Multinational Monitor: What is the precautionary principle?

Peter Montague: The precautionary principle is a way of making decisions about things we care about, especially when we're not sure we have all the information we think we need. It's a way of making decisions in the face of uncertainty. The overarching goal of precaution is to minimize harm to present and future generations and to the ecosystems on which all life depends.

There are really three things that distinguish the precautionary approach from more traditional decision-making.

First, precaution assumes that the proponents of a product or project should provide evidence that (a) they have looked at all reasonable alternatives and are going about their business in the least harmful way possible; and (b) their activities are not likely to degrade human health or the natural environment.

Second, precautionary decision-making engages the people who will be affected by a decision--really engages them. At least that's what's supposed to happen. Instead of the five-minute democracy so typical at public hearings in the U.S., where citizens are given five minutes to comment, precaution urges an extensive process of engaging citizens in decisions.

Finally, because precaution is used when we are uncertain about the consequences of our actions, precaution urges us to monitor the consequences of our decisions and be prepared to alter course if things are turning out badly. Therefore, precaution favors decisions that can be reversed, avoiding irretrievable commitments.

MM: Doesn't the precautionary principle put an impossible burden on companies to show something is not unsafe?

Montague: Not really. When a drug company wants to market a new drug, we ask them to provide reasonable evidence of no harm and we ask them to show that their new product will do some good (they must show "efficacy"). The assumption is that a new drug will be harmful or useless (or both) and it's up to the company to prove otherwise. The burden of proof is on the company promoting the new drug, not on the public (or their government) to provide persuasive information.

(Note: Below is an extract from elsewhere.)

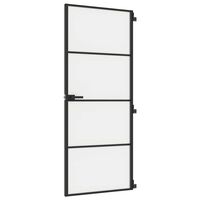 vidaXL Interior Door Slim Black 83x201.5 cm Tempered Glass and Aluminium
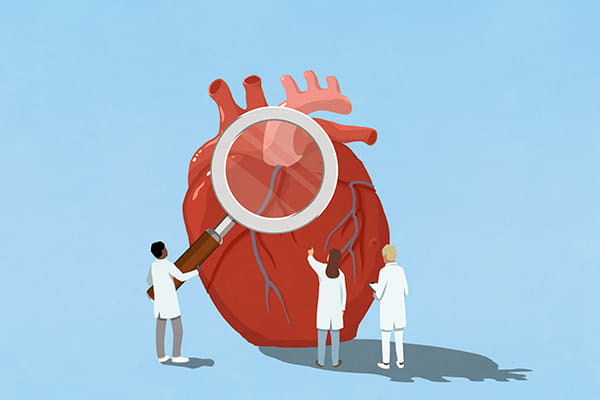 Cardiologist doctors holding large magnifying glass over heart - stock illustration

The precautionary principle applies these same ideas more generally. Using the precautionary principle, decision makers can ask whether products or projects are being done in the least-harmful way possible, and they might ask the proponents to reveal who's going to get the benefits and who's going to be saddled with the harm. A side benefit of this approach is that we can assess the fairness of a proposed activity. Conceivably, precaution could lead to a really fundamental question, such as, "Do we need this at all? Does it provide any real benefits to anyone?"

Of course, even the best scientific efforts to anticipate problems with a product or project can fail to foresee problems--even serious problems. Think of the ozone layer being depleted by refrigeration chemicals. Unpleasant surprises are a regular feature of modern industrial life, so, after we make a decision, we must monitor carefully and be prepared to alter course when necessary.

MM: How does the precautionary principle compare to the cost-benefit analysis approach to risk?